(Web page caption snippets)
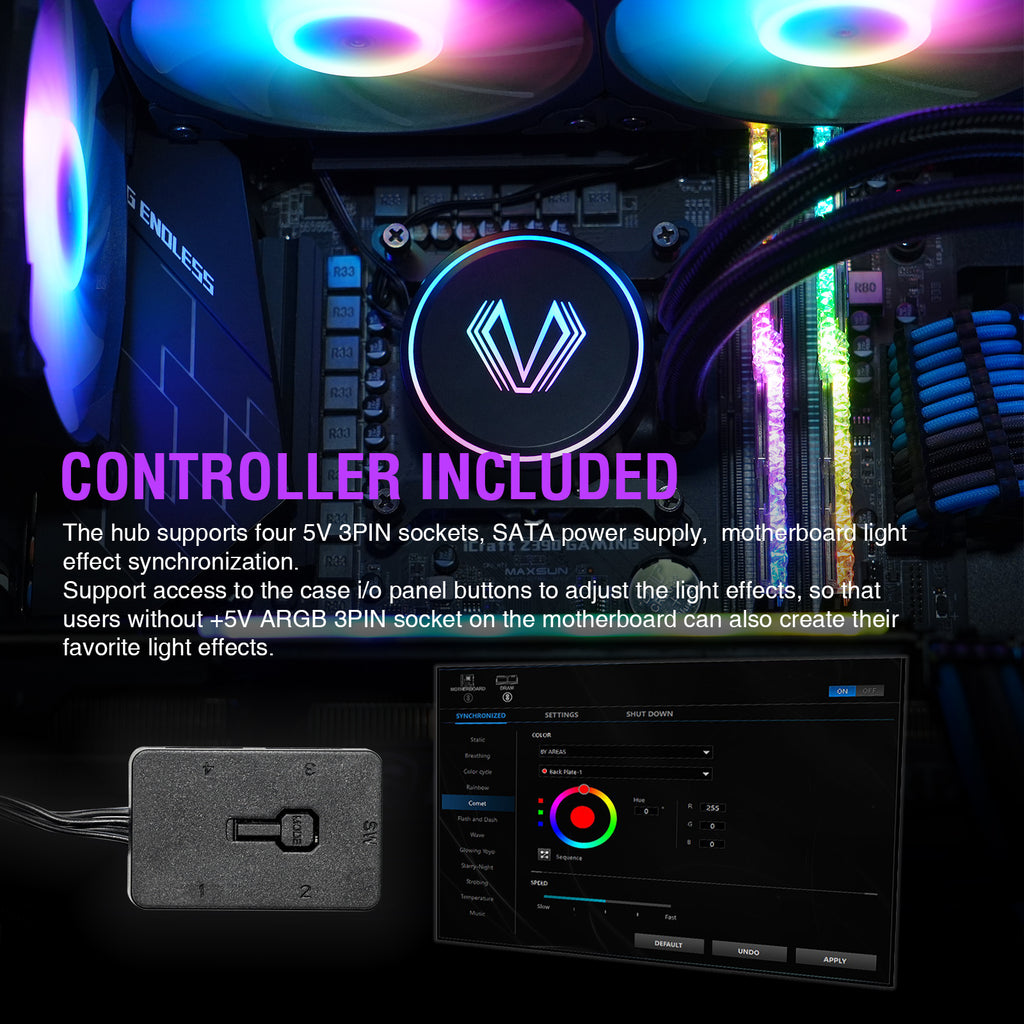 Vetroo V360 Liquid CPU Cooler, 3X 120mm Addressable RGB & PWM Fans/Pump, 360mm Radiator 290W TDP AIO Water Cooler w/Controller Hub for Intel LGA 1851/1700/1200/115X AMD AM5/AM4, for Gaming Console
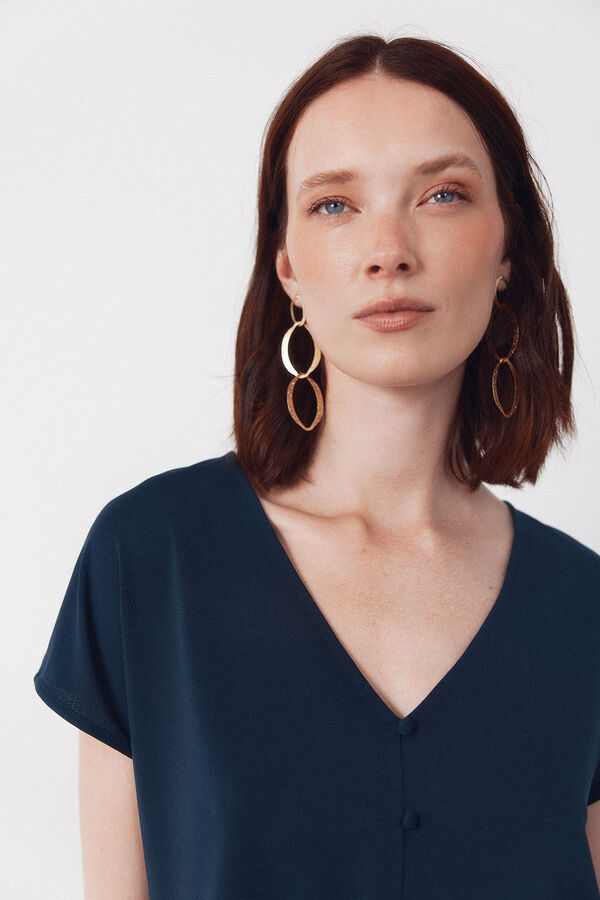 Cortefiel V- buttons neckline v Navy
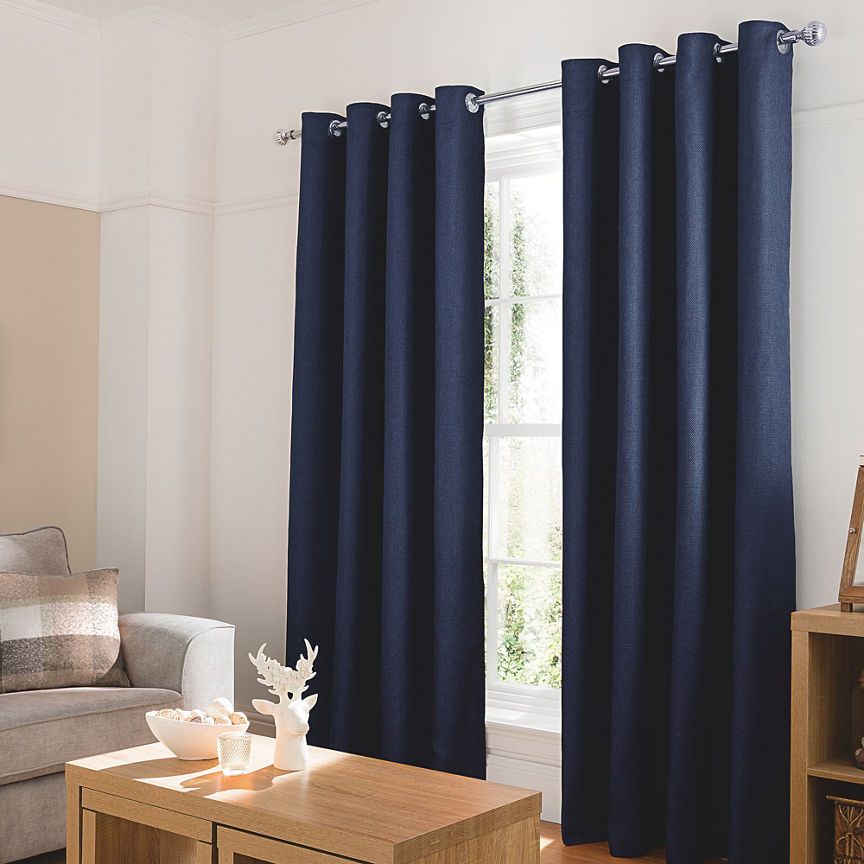 George Home Inky Blue Textured Weave Eyelet Curtains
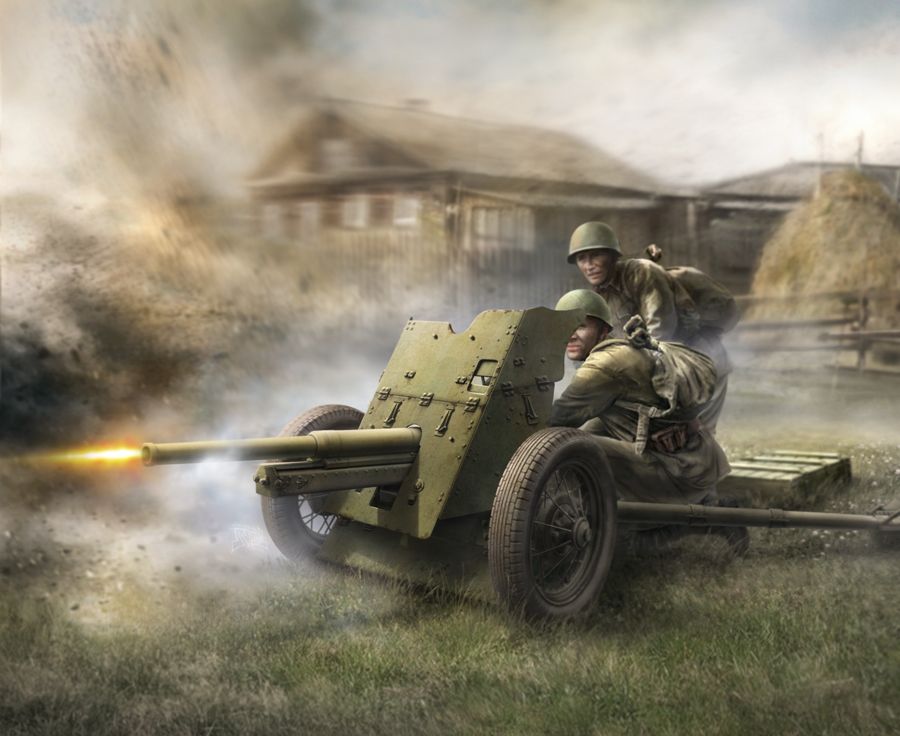 ZVEZDA Wargames (WWII) figurky 6112 - Soviet Gun 45mm (1:72) - obrázek 2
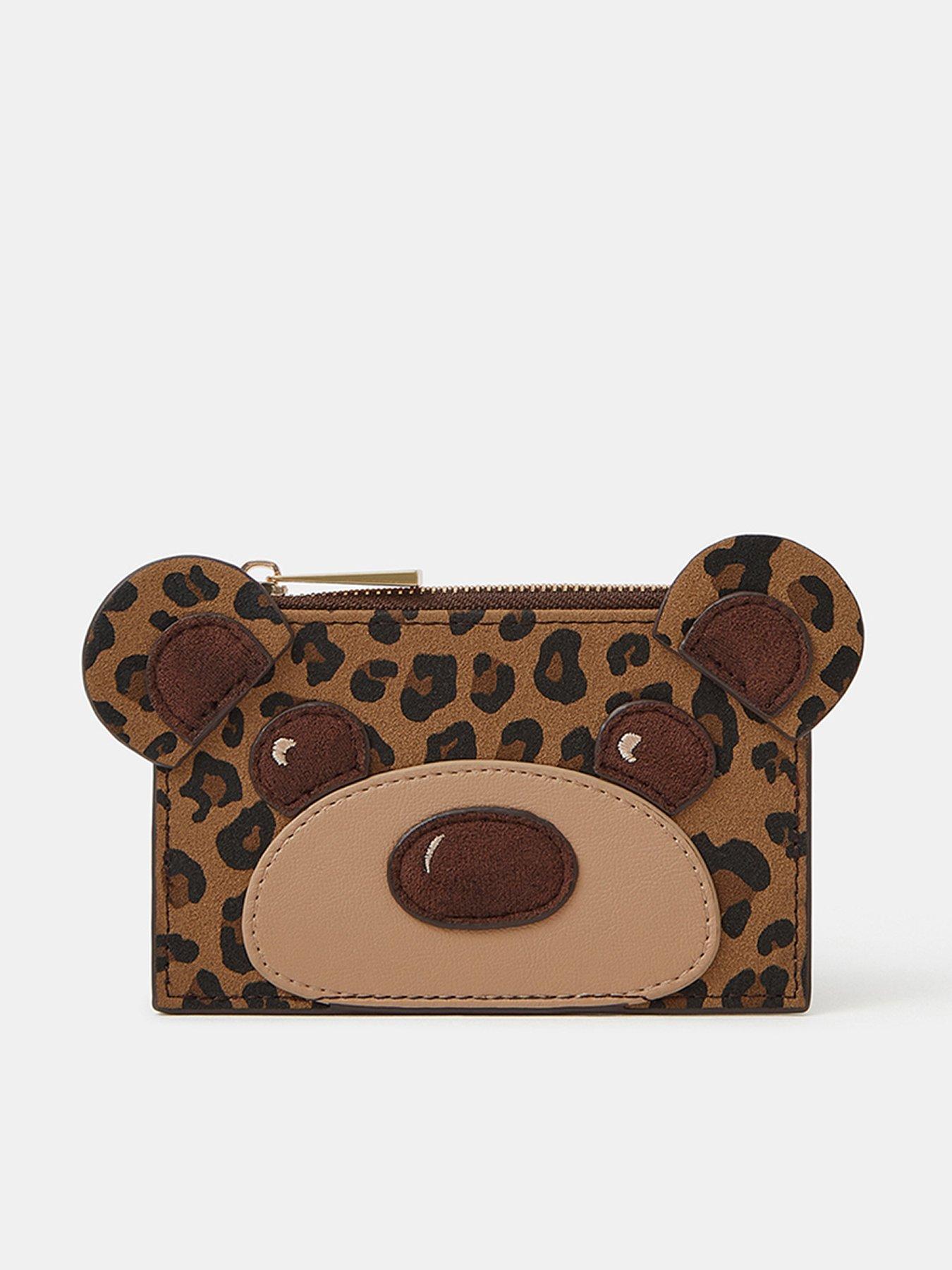 Image 1 of 3 of Accessorize Leopard Print Teddy Card Holder - Brown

→ **What to produce**: Copy nothing but the lines from the line holding "ZVEZDA Wargames (WWII)" through the last line of the entries, exactly, while leaving out the pictures.

→ **Your solution**:
 ZVEZDA Wargames (WWII) figurky 6112 - Soviet Gun 45mm (1:72) - obrázek 2
 Image 1 of 3 of Accessorize Leopard Print Teddy Card Holder - Brown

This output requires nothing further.